This time, however, PC_ExitFlag is TRUE and the code following the if statement is executed.

(7)

(8)

(9) PC_DOSSaveReturn changes the tick rate back to 18.2 Hz, restores the PC’s tick ISR handler, clears the screen and returns to the DOS prompt through the exit(0) function.


Listing - Listing 18.2, Setting up to return to DOS
void PC_DOSReturn (void)
{
    PC_ExitFlag = TRUE;                                        (1)
    longjmp(PC_JumpBuf, 1);                                    (2)
}

(1)

(2) When you want to return to DOS, all you have to do is call PC_DOSReturn (see listing 18.2) which sets PC_ExitFlag to TRUE and execute a longjmp.

Elapsed Time Measurement

The elapsed time measurement functions are used to determine how much time a function takes to execute. Time measurement is performed by using the PC’s 82C54 timer #2. You make time measurement by wrapping the code to measure by the two functions PC_ElapsedStart and PC_ElapsedStop. However, before you can use these two functions, you need to call the function PC_ElapsedInit. PC_ElapsedInit basically computes the overhead associated with the other two functions. This way, the execution time (in microseconds) returned by PC_ElapsedStop consist exclusively of the code you are measuring. Note that none of these functions are reentrant and thus, you must be careful that you do not invoke them from multiple tasks at the same time. .

Miscellaneous

PC_GetDateTime is a function that obtains the PC’s current date and time, and formats this information into an ASCII string. The format is:

"YYYY-MM-DD HH:MM:SS"

and you will need at least 21 characters (including the NUL character) to hold this string. You should note that there are 2 spaces between the date and the time which explains why you need 21 characters instead of 20. PC_GetDateTime uses the Borland C/C++ library functions gettime and getdate which should have their equivalent on other DOS compilers.

PC_GetKey is a function that checks to see if a key was pressed and if so, obtains that key, and returns it to the caller. PC_GetKey uses the Borland C/C++ library functions kbhit and getch which again, have their equivalent on other DOS compilers.

PC_SetTickRate allows you to change the tick rate for µC/OS-II by specifying the desired frequency. Under DOS, a tick occurs 18.20648 times per second or, every 54.925 mS. This is because the 82C54 chip used didn’t get its counter initialized and the default value of 65535 takes effect.
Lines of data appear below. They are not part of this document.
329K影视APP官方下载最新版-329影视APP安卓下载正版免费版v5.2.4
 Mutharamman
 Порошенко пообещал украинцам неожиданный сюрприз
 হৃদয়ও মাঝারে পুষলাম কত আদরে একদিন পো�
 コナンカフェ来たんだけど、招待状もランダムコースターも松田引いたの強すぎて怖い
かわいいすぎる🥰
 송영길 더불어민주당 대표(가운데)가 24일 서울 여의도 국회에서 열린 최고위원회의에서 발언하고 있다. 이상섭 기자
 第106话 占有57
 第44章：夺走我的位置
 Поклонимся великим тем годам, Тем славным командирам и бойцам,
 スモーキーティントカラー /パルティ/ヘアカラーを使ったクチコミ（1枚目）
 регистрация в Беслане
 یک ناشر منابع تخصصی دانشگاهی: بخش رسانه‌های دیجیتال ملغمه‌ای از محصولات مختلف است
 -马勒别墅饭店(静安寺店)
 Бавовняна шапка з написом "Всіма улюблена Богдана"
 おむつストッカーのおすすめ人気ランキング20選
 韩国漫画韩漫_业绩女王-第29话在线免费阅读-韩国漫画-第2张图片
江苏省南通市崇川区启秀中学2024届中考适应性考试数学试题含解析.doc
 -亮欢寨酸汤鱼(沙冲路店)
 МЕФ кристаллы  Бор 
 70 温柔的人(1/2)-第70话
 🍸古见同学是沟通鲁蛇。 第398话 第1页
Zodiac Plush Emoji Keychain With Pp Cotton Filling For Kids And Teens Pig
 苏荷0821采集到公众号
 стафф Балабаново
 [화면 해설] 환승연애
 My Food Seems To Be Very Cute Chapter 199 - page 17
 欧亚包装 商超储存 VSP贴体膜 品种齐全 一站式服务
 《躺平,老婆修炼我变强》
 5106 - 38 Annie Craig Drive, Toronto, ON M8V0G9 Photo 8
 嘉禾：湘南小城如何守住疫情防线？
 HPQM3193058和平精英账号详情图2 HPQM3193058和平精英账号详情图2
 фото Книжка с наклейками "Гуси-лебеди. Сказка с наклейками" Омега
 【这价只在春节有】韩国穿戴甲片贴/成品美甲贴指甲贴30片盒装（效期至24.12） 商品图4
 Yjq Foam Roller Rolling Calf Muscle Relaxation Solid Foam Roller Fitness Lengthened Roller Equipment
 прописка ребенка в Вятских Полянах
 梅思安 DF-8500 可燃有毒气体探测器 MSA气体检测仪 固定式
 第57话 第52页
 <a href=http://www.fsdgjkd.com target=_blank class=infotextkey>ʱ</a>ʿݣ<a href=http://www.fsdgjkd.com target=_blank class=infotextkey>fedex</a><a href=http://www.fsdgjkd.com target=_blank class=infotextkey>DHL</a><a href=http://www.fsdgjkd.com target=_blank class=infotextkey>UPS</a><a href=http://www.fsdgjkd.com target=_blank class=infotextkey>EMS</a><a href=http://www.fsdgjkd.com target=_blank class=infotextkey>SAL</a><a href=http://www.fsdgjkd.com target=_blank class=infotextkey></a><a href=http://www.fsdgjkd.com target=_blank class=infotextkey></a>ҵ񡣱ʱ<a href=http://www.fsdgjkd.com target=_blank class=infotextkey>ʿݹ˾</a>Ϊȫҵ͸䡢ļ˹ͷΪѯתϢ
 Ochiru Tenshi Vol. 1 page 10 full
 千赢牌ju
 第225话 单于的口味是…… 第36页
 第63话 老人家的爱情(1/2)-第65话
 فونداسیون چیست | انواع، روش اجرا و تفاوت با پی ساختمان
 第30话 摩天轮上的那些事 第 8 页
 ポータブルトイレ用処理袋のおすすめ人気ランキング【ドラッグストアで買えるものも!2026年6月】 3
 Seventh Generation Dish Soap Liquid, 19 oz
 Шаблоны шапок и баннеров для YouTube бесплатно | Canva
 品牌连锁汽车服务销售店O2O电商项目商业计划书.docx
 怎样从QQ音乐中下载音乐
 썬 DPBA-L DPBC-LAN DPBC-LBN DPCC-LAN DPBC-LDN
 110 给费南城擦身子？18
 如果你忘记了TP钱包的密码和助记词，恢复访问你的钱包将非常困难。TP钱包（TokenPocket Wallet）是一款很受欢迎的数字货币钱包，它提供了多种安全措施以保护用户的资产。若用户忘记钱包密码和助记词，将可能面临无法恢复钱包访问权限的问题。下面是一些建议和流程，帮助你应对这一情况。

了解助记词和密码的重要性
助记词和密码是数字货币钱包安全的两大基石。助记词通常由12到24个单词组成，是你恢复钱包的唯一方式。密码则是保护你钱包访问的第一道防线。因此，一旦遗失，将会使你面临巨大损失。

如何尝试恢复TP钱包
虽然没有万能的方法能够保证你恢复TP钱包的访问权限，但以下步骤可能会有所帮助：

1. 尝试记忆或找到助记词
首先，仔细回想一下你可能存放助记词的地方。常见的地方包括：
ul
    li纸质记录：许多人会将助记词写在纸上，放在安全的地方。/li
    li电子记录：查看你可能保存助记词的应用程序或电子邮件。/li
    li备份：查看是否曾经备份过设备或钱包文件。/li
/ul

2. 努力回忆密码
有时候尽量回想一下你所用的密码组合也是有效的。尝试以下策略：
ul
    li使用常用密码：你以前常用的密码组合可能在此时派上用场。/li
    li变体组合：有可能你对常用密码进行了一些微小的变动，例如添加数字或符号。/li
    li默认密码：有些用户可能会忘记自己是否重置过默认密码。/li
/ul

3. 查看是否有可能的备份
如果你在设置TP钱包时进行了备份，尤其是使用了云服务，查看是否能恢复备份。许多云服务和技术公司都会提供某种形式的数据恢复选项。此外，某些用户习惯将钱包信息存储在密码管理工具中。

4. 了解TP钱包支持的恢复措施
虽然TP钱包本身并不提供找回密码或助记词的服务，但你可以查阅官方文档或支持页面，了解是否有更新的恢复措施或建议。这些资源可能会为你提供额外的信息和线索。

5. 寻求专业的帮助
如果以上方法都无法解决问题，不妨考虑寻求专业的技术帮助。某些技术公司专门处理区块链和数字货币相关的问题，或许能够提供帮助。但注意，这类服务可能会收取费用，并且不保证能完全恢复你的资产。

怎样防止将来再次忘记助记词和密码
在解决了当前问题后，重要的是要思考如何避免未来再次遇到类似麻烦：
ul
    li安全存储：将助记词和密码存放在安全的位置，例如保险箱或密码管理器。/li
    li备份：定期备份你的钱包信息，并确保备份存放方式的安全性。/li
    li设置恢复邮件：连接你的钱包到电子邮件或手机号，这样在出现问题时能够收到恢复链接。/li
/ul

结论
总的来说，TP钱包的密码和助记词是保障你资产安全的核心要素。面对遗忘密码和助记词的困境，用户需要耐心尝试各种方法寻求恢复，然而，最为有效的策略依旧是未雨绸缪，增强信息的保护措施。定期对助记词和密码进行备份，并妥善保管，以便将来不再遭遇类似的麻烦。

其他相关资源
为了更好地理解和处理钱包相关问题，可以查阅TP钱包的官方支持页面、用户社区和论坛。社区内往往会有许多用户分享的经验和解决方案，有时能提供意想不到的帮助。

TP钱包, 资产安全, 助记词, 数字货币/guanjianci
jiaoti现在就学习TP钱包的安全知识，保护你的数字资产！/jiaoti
Had the chip been initialized with a divide by 59659, the tick rate would have been a very nice 20.000 Hz! I decided to change the tick rate to something more ‘exciting’ and thus, decided to use about 200 Hz (actually 199.9966). The code found in OS_CPU_A.O calls the DOS tick handler one time out of 11. This is done to ensure that some of the housekeeping needed in DOS is maintained. You would not need to do this if you were to set the tick rate to 20 Hz. Before returning to DOS, PC_SetTickRate is called by specifying 18 as the desired frequency. PC_SetTickRate will know that you actually mean 18.2 Hz and will correctly set the 82C54.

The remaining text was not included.